Despite the pearls my mother was discontent. I can say that with great assurance because the week before my first birthday, she left me with Grandma Lil while she ran some errands. "See you later, sweets," my mother is said to have called out to me as she walked out the door. She never returned.

A couple of days after she left, she mailed a brief letter postmarked New York to say she wasn't dead. I suppose that was the good news. The bad news was her certainty that I'd be better off without her. She wasn't coming back. Eventually, through the George Washington Plunkett Apartments' grapevine -- where someone knew someone on Bank Street in Greenwich Village who was the great-uncle of one of my mother's blabbier girlfriends -- Grandma Lil learned my mother had been keeping company with a guy whose first name sounded like Maumoon. His last name was some variation of Hussain, and he was said to be a bodyguard for the Consul of the Permanent Mission of the Republic of Maldives to the United Nations. My mother supposedly met him at a hot dog stand outside a B.B. King concert at the Fillmore East. Whether she'd actually run off to Suradiva with him or ditched him was anybody's guess.

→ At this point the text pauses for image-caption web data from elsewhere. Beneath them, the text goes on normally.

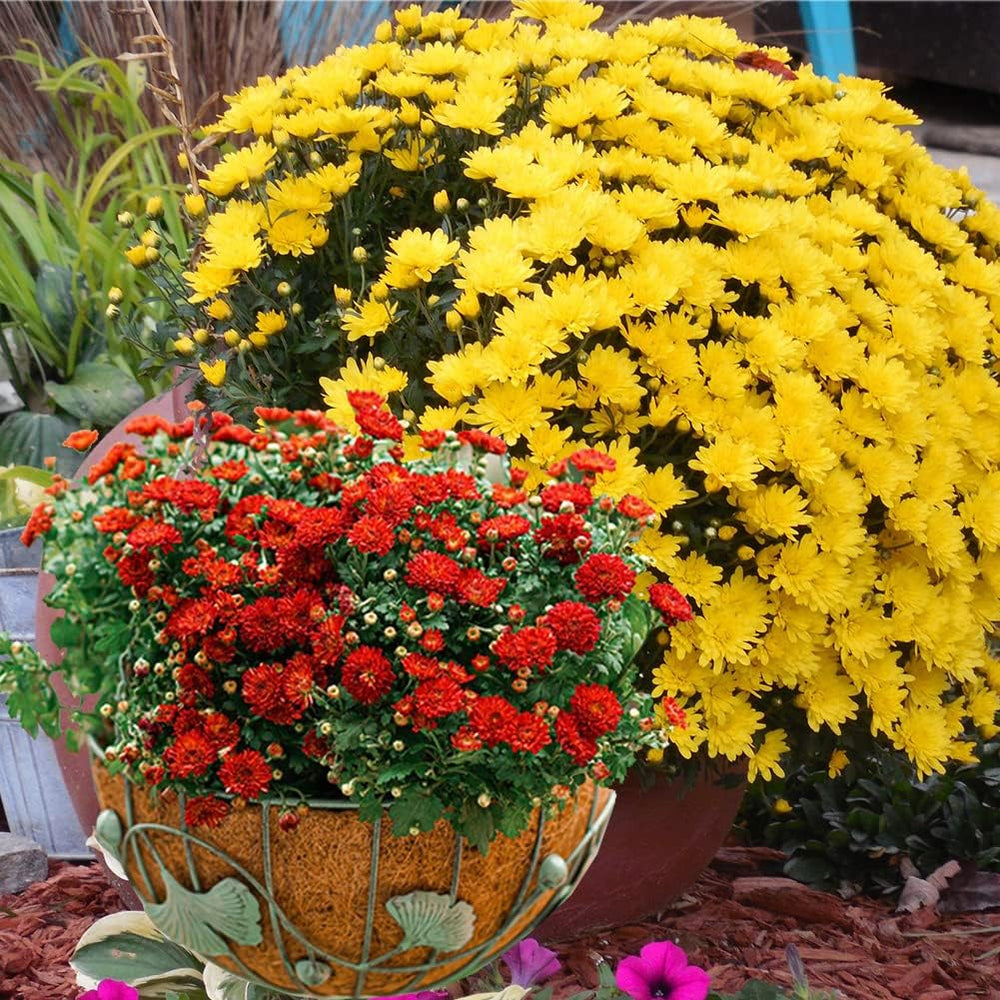 2PCS Hanging Basket Liners Coco Liner 24 Inch Round Coconut Coir Basket for P...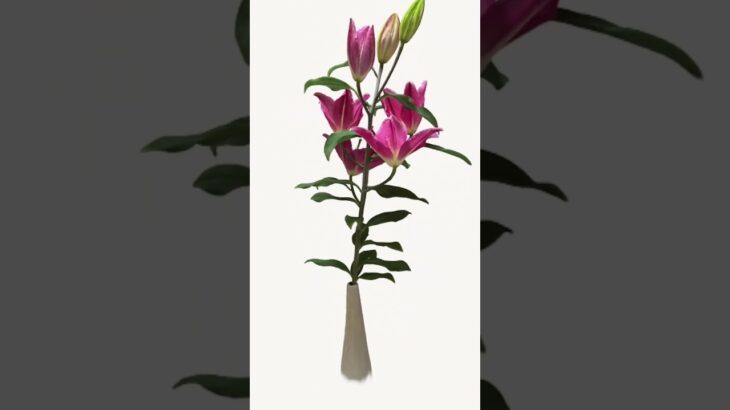 #NFT #ART #FLOWER #opensea #zora #openseanft #nftcommunity  #nftartist #nftcollections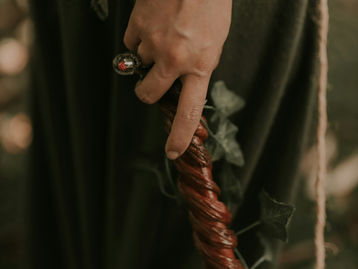 杖の材木偽装事件について、マーリン評議会が警鐘を鳴らす。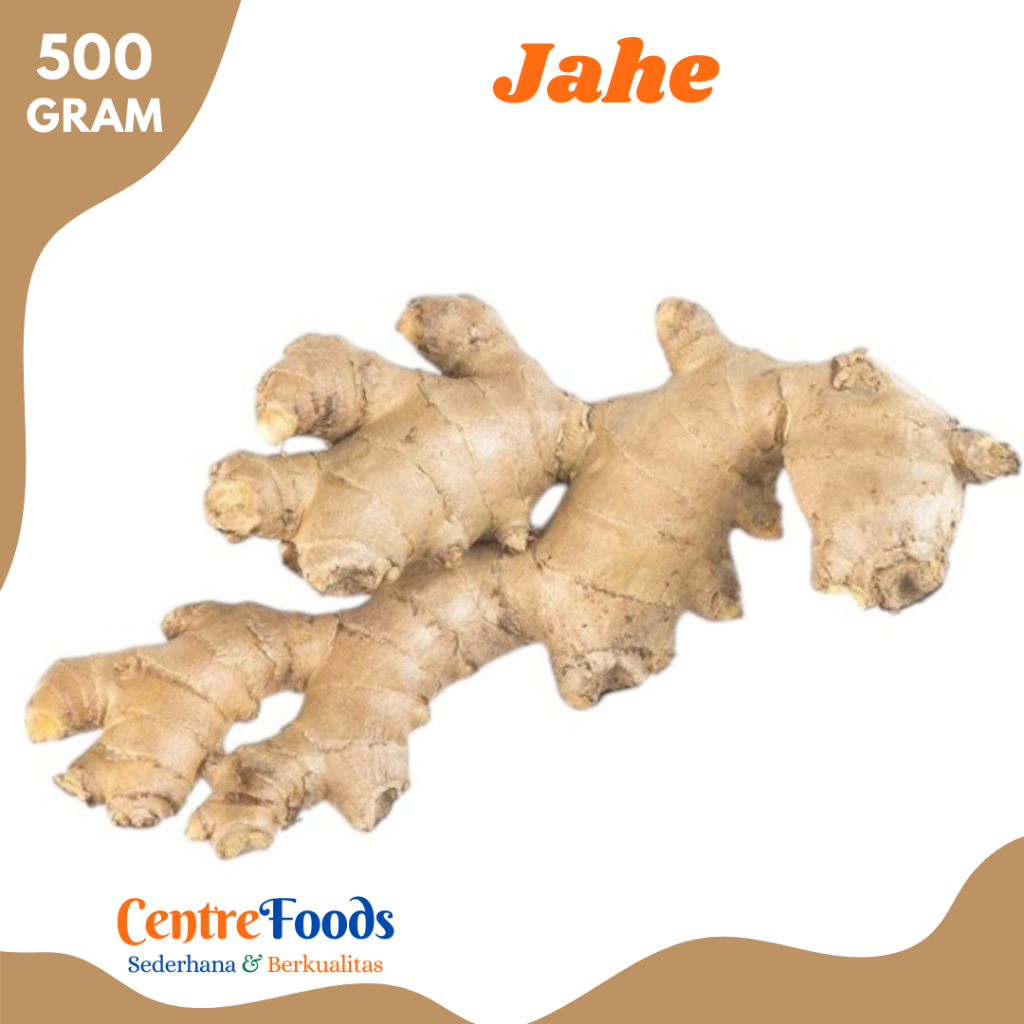 

JAHE Gajah - Jahe Putih Besar Fresh | 500gr [ Harga Per 0,5 Kg ]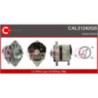 Alternateur CASCO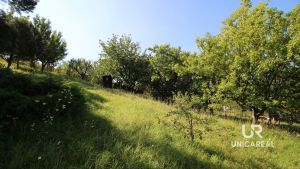 IMG_9594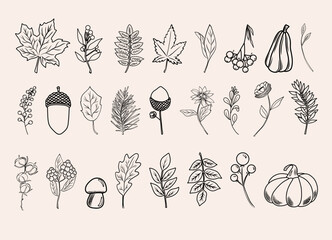 Autumn botanical line arts, hand drawn fall plants (flowers, leaves, acorns, pumpkins and branches), vector illustration - 623383371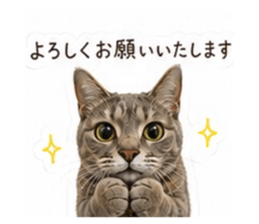 856721163
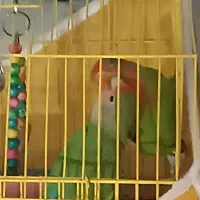 طوطی کوتوله برزیلی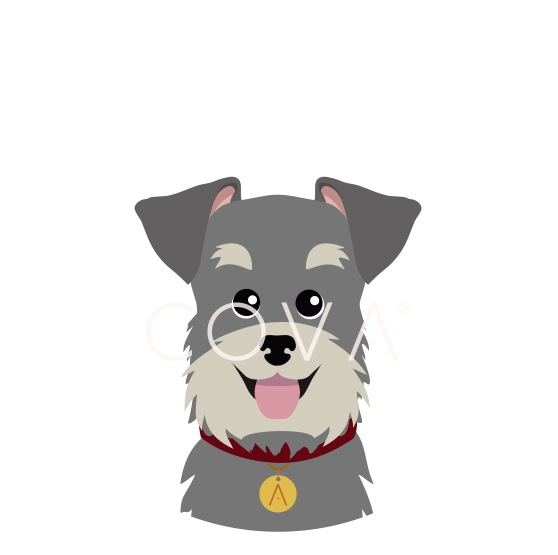 Schnauzer
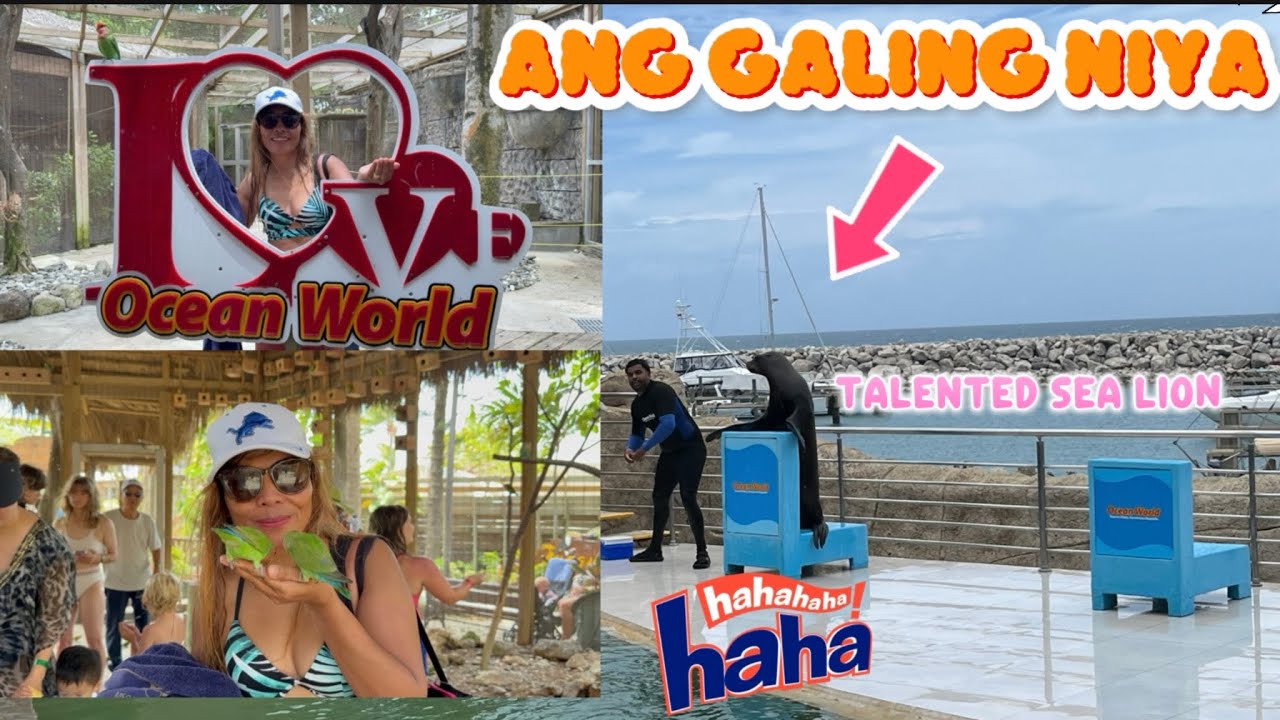 MGA FRIENDLY BIRD TALAGA SILA  TINGNAN NATIN.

Getting back to my parents' photo: Despite its being an interior shot in a dark bar, my mother wore large sunglasses. Because she was on Chicky's lap, I couldn't gauge her height, but obviously I got my stature -- or lack of it -- from her. Also, since it was a black-and-white picture, she appeared to have shoulder-length charcoal gray hair and ivory lips. Chicky told me she was a "stunning redhead." Grandma Lil swore her hair was brown.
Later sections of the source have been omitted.